# Problem to work on
In the entries below, every line that contains "Used" must be located and copied.

# Records supplied
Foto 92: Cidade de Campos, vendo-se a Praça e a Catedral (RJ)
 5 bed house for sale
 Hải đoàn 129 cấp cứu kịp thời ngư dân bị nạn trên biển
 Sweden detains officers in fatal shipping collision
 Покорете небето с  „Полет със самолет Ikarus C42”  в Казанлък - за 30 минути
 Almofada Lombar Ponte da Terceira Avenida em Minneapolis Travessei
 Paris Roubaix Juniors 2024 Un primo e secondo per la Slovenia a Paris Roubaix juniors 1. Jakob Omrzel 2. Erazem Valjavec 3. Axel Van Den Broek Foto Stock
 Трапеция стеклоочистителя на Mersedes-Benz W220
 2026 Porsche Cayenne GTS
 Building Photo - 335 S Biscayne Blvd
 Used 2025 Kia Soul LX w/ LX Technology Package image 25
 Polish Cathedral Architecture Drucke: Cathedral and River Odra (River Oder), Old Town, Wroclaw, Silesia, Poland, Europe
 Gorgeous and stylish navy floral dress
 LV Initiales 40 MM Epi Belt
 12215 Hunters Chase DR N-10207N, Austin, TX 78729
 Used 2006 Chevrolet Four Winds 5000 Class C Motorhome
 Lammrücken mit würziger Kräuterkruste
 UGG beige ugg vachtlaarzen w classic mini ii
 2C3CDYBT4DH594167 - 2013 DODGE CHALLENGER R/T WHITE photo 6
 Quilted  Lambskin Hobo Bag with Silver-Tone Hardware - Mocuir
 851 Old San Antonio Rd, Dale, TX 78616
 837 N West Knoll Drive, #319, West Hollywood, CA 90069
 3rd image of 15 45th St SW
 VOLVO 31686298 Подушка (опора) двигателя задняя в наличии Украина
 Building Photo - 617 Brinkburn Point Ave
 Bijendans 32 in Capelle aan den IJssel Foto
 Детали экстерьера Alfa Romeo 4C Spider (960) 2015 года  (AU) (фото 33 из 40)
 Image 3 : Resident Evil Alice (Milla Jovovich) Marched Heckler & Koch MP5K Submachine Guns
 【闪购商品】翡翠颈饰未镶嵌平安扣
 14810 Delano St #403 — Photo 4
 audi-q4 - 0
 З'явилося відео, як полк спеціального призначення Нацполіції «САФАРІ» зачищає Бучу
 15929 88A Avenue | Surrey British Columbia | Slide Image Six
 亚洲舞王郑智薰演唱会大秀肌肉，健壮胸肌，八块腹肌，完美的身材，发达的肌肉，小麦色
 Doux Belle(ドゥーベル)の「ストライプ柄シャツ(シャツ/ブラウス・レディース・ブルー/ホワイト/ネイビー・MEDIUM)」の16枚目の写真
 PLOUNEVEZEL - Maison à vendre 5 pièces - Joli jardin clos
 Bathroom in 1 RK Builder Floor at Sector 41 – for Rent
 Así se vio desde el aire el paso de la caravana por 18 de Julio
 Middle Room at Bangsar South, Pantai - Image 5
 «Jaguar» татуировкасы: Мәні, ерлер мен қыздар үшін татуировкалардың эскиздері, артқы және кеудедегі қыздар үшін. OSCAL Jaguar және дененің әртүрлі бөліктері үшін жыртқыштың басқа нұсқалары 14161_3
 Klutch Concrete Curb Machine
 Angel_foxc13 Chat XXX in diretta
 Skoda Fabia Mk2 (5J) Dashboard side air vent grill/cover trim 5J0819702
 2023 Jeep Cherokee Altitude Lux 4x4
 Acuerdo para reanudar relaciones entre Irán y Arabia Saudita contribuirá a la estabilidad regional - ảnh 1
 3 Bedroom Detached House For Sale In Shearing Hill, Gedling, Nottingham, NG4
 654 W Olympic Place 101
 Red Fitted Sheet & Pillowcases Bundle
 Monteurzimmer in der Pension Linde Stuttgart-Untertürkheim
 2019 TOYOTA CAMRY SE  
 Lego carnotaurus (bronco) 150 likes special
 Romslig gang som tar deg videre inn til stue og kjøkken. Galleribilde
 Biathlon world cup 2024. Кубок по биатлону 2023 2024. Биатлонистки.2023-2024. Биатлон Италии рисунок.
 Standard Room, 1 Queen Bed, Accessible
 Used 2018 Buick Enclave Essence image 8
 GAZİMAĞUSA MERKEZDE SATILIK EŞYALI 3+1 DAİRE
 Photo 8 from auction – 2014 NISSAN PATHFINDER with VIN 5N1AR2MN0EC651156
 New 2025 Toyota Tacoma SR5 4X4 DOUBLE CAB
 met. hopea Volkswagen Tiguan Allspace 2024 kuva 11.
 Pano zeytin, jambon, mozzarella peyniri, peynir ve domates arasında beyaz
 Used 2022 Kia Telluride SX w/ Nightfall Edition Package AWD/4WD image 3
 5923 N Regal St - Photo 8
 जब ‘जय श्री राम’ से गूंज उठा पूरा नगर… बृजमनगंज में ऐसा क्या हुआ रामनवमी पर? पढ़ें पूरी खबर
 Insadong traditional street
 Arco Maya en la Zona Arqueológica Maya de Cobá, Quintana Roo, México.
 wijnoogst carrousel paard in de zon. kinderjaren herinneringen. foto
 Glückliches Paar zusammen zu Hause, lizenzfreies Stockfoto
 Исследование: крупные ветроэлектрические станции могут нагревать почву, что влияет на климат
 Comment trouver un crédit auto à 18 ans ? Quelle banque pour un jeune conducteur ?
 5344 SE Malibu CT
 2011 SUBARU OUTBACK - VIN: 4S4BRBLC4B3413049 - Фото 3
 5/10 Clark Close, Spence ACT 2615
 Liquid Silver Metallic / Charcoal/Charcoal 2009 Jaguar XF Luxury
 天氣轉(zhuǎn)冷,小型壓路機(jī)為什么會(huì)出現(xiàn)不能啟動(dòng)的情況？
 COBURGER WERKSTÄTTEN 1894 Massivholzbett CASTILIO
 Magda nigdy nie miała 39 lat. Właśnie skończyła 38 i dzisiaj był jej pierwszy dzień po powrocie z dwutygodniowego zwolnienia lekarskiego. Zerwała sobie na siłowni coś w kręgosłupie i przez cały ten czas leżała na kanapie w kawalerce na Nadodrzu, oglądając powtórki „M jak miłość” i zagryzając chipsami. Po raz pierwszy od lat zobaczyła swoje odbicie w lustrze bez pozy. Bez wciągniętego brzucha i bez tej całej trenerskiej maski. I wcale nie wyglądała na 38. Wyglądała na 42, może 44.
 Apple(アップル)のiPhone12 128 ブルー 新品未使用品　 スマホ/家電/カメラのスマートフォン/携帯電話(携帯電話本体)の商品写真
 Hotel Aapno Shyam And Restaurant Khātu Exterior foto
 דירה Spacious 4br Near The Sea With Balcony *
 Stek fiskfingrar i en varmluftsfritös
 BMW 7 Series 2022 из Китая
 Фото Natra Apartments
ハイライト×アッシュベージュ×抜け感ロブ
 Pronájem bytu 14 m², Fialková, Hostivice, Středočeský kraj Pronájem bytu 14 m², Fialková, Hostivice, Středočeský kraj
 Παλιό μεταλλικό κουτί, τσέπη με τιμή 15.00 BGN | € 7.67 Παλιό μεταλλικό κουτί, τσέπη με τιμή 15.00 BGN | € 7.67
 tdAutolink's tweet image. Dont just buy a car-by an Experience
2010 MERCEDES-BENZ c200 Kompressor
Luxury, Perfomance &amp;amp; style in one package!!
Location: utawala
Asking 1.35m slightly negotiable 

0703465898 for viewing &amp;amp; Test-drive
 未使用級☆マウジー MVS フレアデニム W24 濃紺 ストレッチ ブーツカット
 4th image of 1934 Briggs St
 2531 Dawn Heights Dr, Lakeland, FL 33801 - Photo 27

# Task answer
 Used 2025 Kia Soul LX w/ LX Technology Package image 25
 Used 2006 Chevrolet Four Winds 5000 Class C Motorhome
 Used 2018 Buick Enclave Essence image 8
 Used 2022 Kia Telluride SX w/ Nightfall Edition Package AWD/4WD image 3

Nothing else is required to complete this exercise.